Rapid technological changes are making it more challenging than ever to assess value and risk –potential buyers and sellers may have very different observations on an industry’s direction, business strategies and the level of investments.

In a trade sale, the purchaser is knowledgeable about the business of the target company, easing the due diligence and closing process. They are also likely to be able to realise synergies quickly, such as early product development due to acquisition of technology, elimination of duplicate functions, and greater purchasing power thanks to leveraged economies of scale.

On the flip side, if a prospective buyer knows that there isn’t much competition for the purchase of the target company, then they may be conservative in their decision to pay a premium, making a deal less attractive. Also, while trade sales can achieve good returns for investors, entrepreneurs may be reluctant to cede control of their business to a larger company – which may well be a direct competitor.

Rapid technological changes are making it more challenging than ever to assess value and risk –potential buyers and sellers may have very different observations on an industry’s direction, business strategies and the level of investments required to support technology development in portfolio companies. Logistics companies for example may face challenges of integrating blockchain into their operations, while manufacturing organisations will need to factor in Internet of Things-type solutions.

In such cases, an initial public offering (IPO) may be a more attractive exit strategy – given favourable market conditions. Fluctuating oil prices and geopolitical tensions have contributed to a slowdown in market activity in the region, emphasising the importance of identifying a strategic buyer.

Preparing and positioning the business for a sale and evaluating potential buyers in the market is critical. When identifying, exploring and assessing a strategic fit for an organisation, it is important to have a good understanding of exactly what options are available on the market and an overview of sector activity. Exploring the types of companies being sold, potential buyers and their strategic direction should not be overlooked.

While a direct competitor can often be the most straightforward option – as with Uber and Careem – this strategy is dependent on market conditions and timings, so flexibility and a wider view of the market is critical.

By understanding what companies are looking for, you can better identify the value a potential purchaser will see in your business – and then maximise that value so as to get the best possible premium. Conversely, that may not mean taking all the value yourself – since a buyer doesn’t want to acquire a business with flat or declining financials, owners may want to leave some value-creation options “on the table” for the future owners.
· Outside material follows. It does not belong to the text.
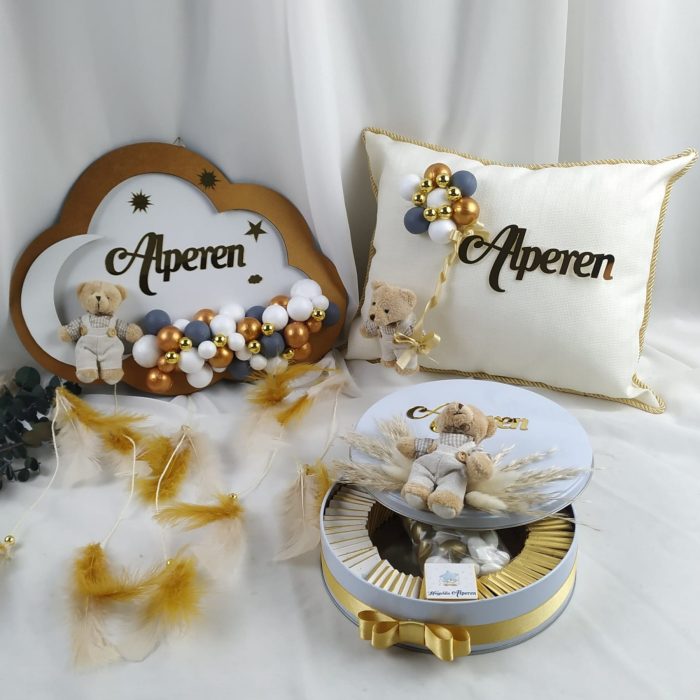 Bebek Bulut Kapı Süsü, Yastık ve Çikolata Seti - Görsel 2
Investors need to have an idea of their intended time of exit – and be prepared to leave earlier if an attractive offer is tabled.

Traditionally, PE investors have focused mostly on EBITDA (earnings before interest, taxes, depreciation and amortisation), as the most important financial number they want to boost – which will most likely enable them to sell the investment for more than they paid for it.
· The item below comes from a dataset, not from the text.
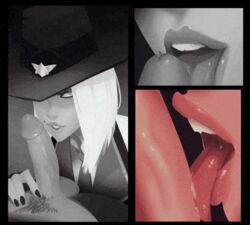 1girls 2d 2d_animation animated ashe_(overwatch) blizzard_entertainment comic cowboy_hat erection eye_contact eyelashes eyeshadow fellatio female gif hat licking licking_penis light_skin looking_at_viewer male medium_hair mole_above_mouth naughty_face open_mouth oral overwatch penis provocative raunchyninja red_eyes red_lipstick seductive_eyes seductive_look seductive_smile slim straight tongue white_hair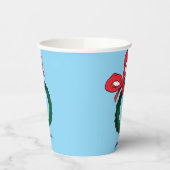 Who Peeking Through Christmas Wreath Papieren Bekers (Links)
According to advisory service EY, while 41% of PE firms still cite the importance of achieving EBITDA goals on divestment timing, 74% would accept an unsolicited bid for a company, stressing the need to be prepared and to move quickly.

Achieving all these objectives requires careful planning, so investors need to have an idea of their intended time of exit – and be prepared to leave earlier if an attractive offer is tabled. Owners should look to create value through performance improvements throughout the holding period, and ensure that the company demonstrates a proven track record, creating future value.

There’s a saying in show business that you need to stick the landing: however good a film or TV show is during its duration, a bad ending will spoil the impression created with the viewer. For PE investors, getting the right strategic buyer in place will help you “stick the landing” - but you have to work on it.